This thesis examines the use of light and dark imagery throughout T. S. Eliot’s literary career; in his poetry (Inventions of the March Hare, Prufrock and Other Observations, The Waste Land, Ash-Wednesday, Four Quartets) and in his dramatic works (The Rock, Murder in the Cathedral, The Family Reunion). The aim of this thesis is twofold.
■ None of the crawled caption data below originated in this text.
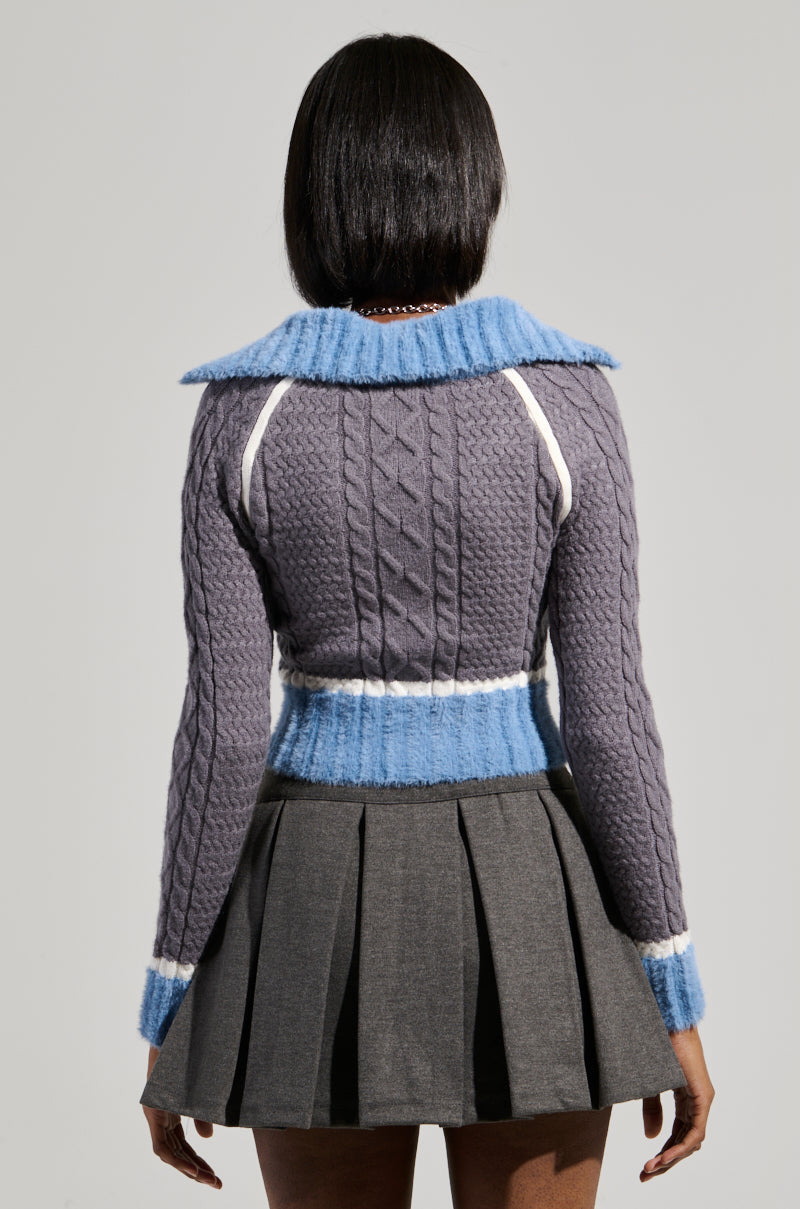 QUEEN OF MY OWN WORLD CROPPED ZIP UP SWEATER
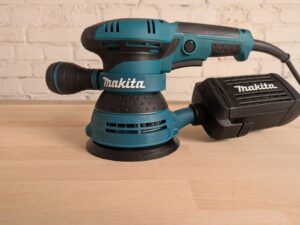 Makita BO5041 Exzenterschleifer Titelbild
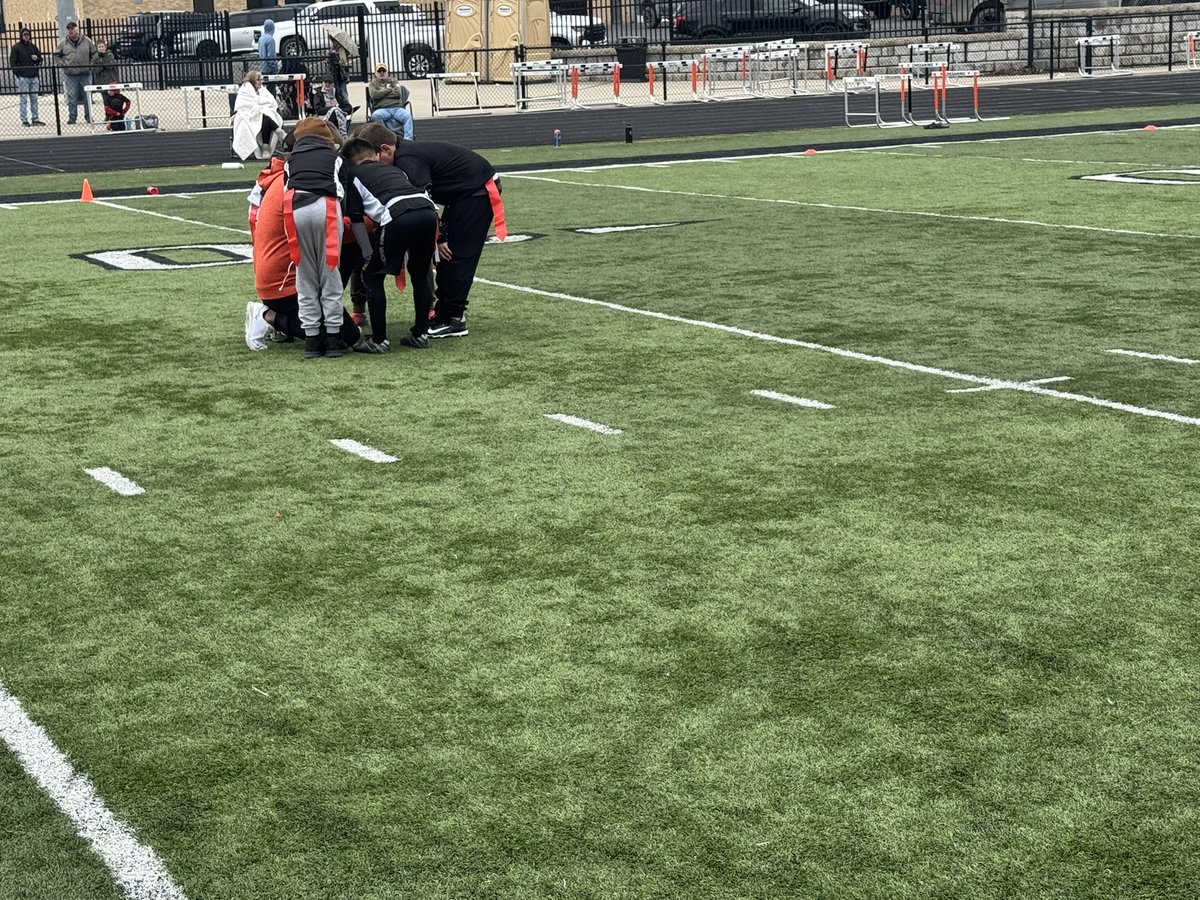 Outstanding 2nd week of flag football!!! You can see a huge improvement from last week!!! Learning, growing, being competitive, and having fun….the formula for success!!! #Allin

Go Indians!!!   #RLT.  KA#17
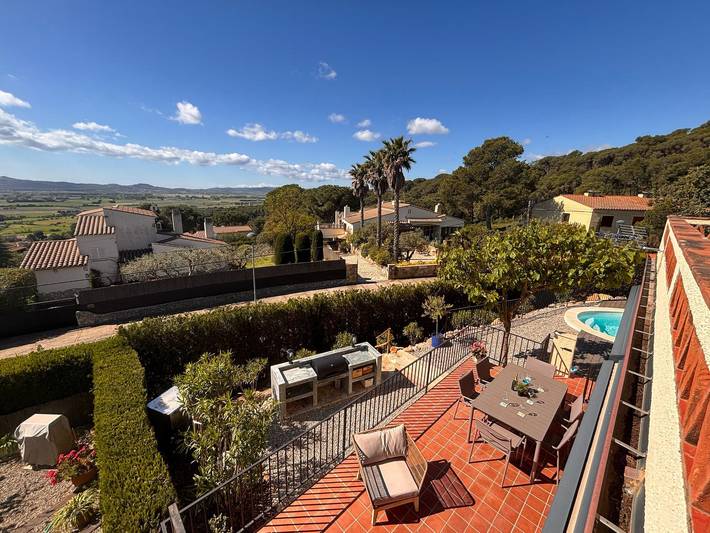 Casa rural para 6 personas, con vistas además de terraza y jardín, Se admiten mascotas en Torroella de Montgrí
Firstly, it aims to show how, by an attentive analysis of light and dark imagery in Eliot’s works, it is possible to discern a continuous pattern of light and dark correlation and opposition throughout his oeuvre, which can be interpreted in historical, biographical, and existential terms. Secondly, this thesis seeks to explain poetry qua poetry, with the light and dark imagery proving a remarkable path of investigation, in which to understand Eliot’s poetry and its important relationship with his own literary “debts”. If, on the one hand, many critics have considered the importance of light and dark imagery in Eliot’s most significant poetical work after his religious conversion, Four Quartets, as an important turn to mysticism and religion, this has too often been perceived as a sudden change in his beliefs and in his poetics, rather than as a gradual development. The presence of light and dark images in Eliot’s early poetry, as well as in his earlier masterpiece The Waste Land, shows how Eliot had consciously imagined a path of light throughout his oeuvre, demonstrating his own preoccupations with regard to soul, rationality, and religion from his very early years as a poet. This thesis thus wants to fill a gap in the field of Eliot studies, where the importance of light and dark imagery in Eliot’s early poetry, as well as in his drama, and the connection of light and dark in Four Quartets with his other literary works, has been underestimated by previous scholars.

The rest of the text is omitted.